They are on! These pix can't do them justice, light was running out and I really was busy working to get a deal together.








17 x 8 OZ Ultraleggera with Michelin Pilot Sport PS2. These are so light, even the entire car is sitting higher







39lbs in total, including air.








The stance got wider (ET 48), and again, this picture doesn't cover it right. But you can see my new plate (which just came in yesterday). I told you...



_Modified by Nuvolari at 11:59 PM 3/10/2006_


----------



## scotchy (Oct 2, 2005)

*Re: Show us your wheels! (Nuvolari)*


_Quote, originally posted by *Nuvolari* »_
17 x 8 OZ Ultraleggera with Michelin Pilot Sport PS2. These are so light, even the entire car is sitting higher







39lbs in total, including air.

Looks good...nice weight savings! Did you keep the factory tire size?


----------



## scotchy (Oct 2, 2005)

*Re: Show us your wheels! (scotchy)*

Here's mine...glad I took my snow tires off less than a week ago..

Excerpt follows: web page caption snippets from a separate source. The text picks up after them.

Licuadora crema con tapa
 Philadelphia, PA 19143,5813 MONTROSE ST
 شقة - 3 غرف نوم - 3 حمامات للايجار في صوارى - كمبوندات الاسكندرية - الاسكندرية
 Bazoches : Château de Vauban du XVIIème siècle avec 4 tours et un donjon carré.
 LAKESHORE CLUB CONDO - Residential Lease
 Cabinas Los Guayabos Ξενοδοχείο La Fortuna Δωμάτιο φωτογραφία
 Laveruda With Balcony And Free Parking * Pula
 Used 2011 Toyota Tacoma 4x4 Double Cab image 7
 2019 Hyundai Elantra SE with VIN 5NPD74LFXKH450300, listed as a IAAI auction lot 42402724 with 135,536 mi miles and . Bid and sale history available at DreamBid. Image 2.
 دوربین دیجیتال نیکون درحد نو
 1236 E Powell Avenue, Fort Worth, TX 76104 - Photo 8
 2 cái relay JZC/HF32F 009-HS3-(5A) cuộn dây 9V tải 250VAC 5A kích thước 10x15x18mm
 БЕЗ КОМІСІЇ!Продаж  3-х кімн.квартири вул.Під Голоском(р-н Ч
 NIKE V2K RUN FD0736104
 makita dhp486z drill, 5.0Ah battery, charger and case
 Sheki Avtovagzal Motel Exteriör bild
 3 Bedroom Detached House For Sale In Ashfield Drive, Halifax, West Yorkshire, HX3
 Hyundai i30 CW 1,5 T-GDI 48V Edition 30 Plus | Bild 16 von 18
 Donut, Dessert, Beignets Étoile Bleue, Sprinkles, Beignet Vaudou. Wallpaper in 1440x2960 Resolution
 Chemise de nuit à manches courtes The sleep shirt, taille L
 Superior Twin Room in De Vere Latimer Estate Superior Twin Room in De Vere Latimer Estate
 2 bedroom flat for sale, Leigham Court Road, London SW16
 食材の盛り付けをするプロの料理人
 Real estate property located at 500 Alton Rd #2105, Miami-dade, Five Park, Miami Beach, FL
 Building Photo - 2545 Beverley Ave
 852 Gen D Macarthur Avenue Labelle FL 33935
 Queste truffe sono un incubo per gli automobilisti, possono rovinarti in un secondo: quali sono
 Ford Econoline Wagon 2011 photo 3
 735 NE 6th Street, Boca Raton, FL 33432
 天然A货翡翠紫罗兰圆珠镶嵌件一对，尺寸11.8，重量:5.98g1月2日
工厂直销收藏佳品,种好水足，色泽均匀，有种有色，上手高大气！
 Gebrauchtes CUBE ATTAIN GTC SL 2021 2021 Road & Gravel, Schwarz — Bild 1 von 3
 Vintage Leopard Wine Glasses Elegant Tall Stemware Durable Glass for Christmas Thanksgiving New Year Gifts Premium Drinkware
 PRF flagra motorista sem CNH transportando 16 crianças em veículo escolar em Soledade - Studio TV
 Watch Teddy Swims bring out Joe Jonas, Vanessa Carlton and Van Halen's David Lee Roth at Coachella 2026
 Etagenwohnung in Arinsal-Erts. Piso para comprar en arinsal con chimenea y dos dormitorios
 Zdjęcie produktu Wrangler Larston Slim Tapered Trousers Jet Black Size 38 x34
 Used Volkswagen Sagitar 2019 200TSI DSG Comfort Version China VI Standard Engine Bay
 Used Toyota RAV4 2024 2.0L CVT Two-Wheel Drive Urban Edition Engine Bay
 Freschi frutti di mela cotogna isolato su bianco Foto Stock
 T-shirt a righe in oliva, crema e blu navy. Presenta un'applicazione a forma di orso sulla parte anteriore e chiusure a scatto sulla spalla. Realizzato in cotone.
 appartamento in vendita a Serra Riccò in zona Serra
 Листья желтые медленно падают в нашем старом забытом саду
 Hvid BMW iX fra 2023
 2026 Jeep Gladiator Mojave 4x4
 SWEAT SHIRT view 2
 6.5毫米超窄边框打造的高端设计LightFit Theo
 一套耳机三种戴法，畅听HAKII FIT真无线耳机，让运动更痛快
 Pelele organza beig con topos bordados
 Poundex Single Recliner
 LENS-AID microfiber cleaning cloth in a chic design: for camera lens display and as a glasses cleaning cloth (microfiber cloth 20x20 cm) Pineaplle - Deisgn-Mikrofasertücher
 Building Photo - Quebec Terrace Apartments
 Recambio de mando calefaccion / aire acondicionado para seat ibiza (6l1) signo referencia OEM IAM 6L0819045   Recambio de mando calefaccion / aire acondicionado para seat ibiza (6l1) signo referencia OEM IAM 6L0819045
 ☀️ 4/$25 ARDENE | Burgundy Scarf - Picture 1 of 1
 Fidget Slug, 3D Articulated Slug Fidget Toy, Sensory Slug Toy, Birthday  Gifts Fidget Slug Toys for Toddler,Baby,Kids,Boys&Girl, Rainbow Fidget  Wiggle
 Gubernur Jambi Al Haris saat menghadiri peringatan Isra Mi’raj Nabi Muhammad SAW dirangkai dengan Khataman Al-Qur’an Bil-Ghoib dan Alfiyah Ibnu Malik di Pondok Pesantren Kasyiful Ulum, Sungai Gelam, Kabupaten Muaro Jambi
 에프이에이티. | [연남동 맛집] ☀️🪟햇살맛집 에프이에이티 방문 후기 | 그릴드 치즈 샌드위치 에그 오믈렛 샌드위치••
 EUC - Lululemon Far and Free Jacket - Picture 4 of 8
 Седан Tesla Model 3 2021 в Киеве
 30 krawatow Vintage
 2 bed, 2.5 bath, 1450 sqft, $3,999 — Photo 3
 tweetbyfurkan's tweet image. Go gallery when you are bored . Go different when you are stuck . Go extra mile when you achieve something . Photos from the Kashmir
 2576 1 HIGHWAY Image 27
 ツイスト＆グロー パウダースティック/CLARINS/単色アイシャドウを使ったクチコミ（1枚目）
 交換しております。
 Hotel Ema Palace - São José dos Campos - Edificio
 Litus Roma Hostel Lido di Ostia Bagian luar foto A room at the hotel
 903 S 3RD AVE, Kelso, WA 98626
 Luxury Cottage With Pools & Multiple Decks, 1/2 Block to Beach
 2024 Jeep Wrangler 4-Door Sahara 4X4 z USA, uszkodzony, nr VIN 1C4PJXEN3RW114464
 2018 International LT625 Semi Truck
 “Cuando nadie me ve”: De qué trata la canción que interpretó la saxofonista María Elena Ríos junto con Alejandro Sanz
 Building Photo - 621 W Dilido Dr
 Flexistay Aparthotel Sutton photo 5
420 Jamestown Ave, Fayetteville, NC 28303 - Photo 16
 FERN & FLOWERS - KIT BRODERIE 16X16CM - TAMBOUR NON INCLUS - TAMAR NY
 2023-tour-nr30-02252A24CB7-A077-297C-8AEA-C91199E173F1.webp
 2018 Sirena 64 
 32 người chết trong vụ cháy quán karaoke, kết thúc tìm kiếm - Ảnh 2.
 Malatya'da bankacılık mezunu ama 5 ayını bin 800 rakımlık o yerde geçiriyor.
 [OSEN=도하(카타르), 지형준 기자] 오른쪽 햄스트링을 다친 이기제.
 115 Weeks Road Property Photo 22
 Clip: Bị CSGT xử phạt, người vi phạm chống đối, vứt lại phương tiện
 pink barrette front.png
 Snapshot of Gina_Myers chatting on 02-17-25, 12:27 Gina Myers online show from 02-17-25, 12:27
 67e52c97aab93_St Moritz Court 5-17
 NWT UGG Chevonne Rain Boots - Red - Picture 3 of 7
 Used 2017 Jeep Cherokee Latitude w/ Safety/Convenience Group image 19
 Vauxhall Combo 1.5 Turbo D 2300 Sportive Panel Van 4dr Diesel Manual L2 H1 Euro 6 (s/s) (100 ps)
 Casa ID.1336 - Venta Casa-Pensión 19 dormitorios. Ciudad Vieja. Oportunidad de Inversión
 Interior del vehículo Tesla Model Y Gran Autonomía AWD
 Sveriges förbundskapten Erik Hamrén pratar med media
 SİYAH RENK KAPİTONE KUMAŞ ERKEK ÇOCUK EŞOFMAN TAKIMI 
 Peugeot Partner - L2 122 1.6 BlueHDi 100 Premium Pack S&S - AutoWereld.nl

OZ Superturismo GT...19x8 et 48 
Just over 25lbs


_Modified by scotchy at 8:25 PM 3/10/2006_


----------



## Nuvolari (Jun 22, 2004)

scotchy,
Yes, tires are 225/45


_Modified by Nuvolari at 8:22 PM 3/10/2006_


----------



## clarkma5 (Mar 2, 2002)

Dear lord, there isn't one set of wheels in this thread that don't look good. I'm stunned!


----------



## yam (Jul 18, 2005)

*Re: (clarkma5)*


_Quote, originally posted by *clarkma5* »_Dear lord, there isn't one set of wheels in this thread that don't look good. I'm stunned!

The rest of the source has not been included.